Overview After all the preparations have been made the actual
pressing can begin. Be sure to give yourself enough time (15-20
minutes) for the entire process. Latex gloves are must for this
process. The following describes a layup that uses cloth as the
graphics layer for the top and bottom of the ski. If you have screen
printed or sublimated graphics you can skip steps 4 and 9.
Step 1 Start by carefully measuring out the epoxy resin and
hardener. For one ski, 300-500 grams of resin should be enough.
The resin will be easier to work with if measured out in smaller batches of
100-150 grams. Otherwise the mixture will set off too quickly and may
possibly cure improperly. Keep the resin and hardener separated until you are ready
to begin. If using pigments add them into the resin and mix at this
An easy way to measure epoxy is by using a scale.
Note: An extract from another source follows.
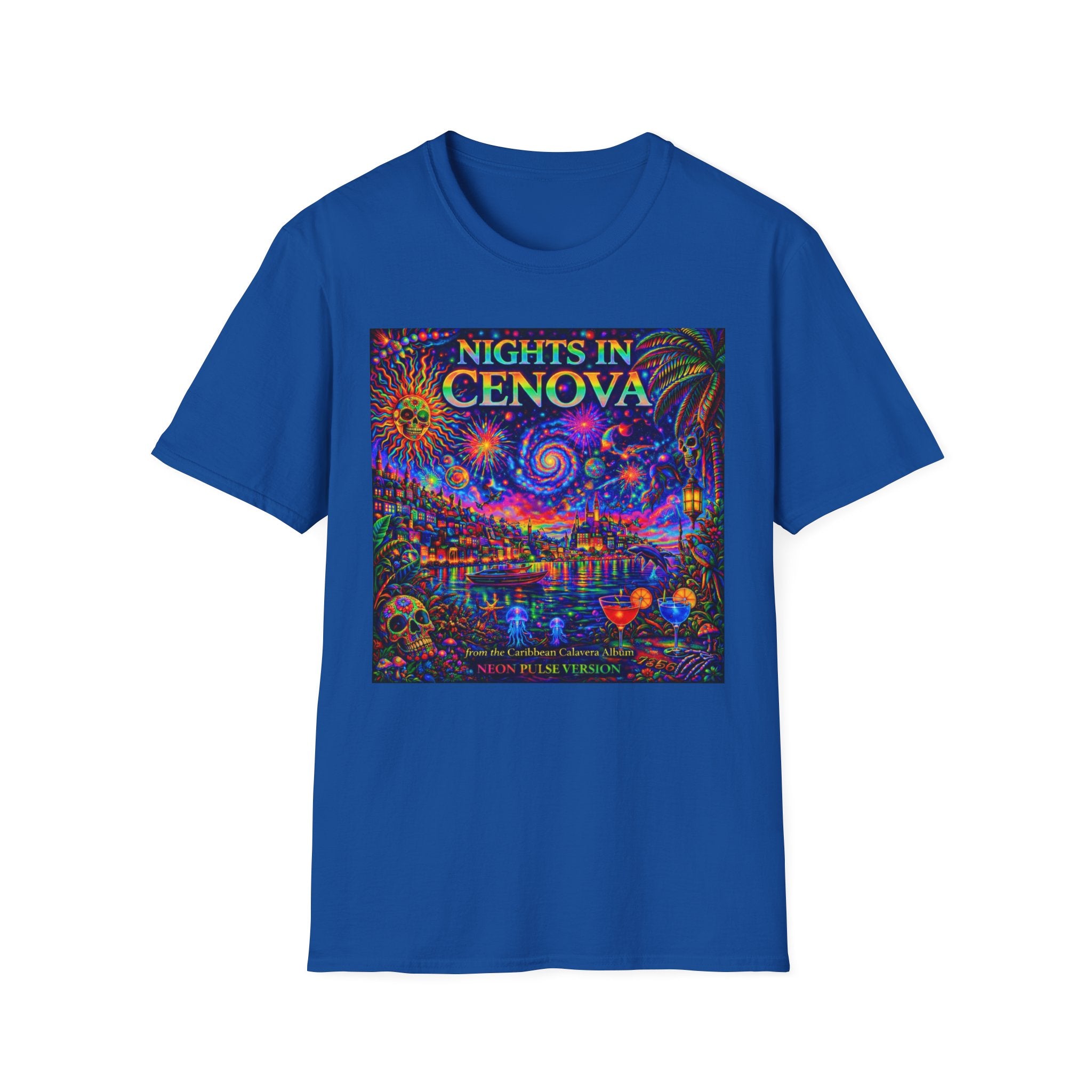 Nights in Cenovia T-Shirt  Song Cover Art From The Caribbean Calavera Album   — Colorful Fireworks Cityscape Tee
Food scales work
great and are relatively inexpensive.
Step 2 Mix the first batch of resin and hardener.
Place a generous amount of the epoxy onto the base material and spread evenly.
Make sure that the epoxy covers the edges well and seeps into the cracks.
Remember that epoxy is the only thing that holds the edges onto the base so
insuring adequate coverage is important.
Step 3 If using rubber dampening strips, dip them into the epoxy
and use your fingers to squeeze away the excess epoxy. Cover the
edges of the ski with the rubber strips. Carefully remove any
large wrinkles or folds in the rubber with your fingers.
Step 4 Place the fabric graphic layer on top of the base
material. Remember that the graphic should be facing down.
Carefully center the graphic with the base. Coat the fabric with
some more epoxy making sure the entire surface is wet.
Step 5 Lay the composite on top of the fabric layer. It's
easiest to have the composite rolled up beforehand. Start at one end and
slowly unroll the composite. Wet the composite out with epoxy as
done with the fabric layer. The composite should look
semi-transparent when wet.
Step 6 Flip the wood core base side up. Coat the
bottom with a little epoxy. Flip the core over again with the base
side facing down and place on top of the composite layer.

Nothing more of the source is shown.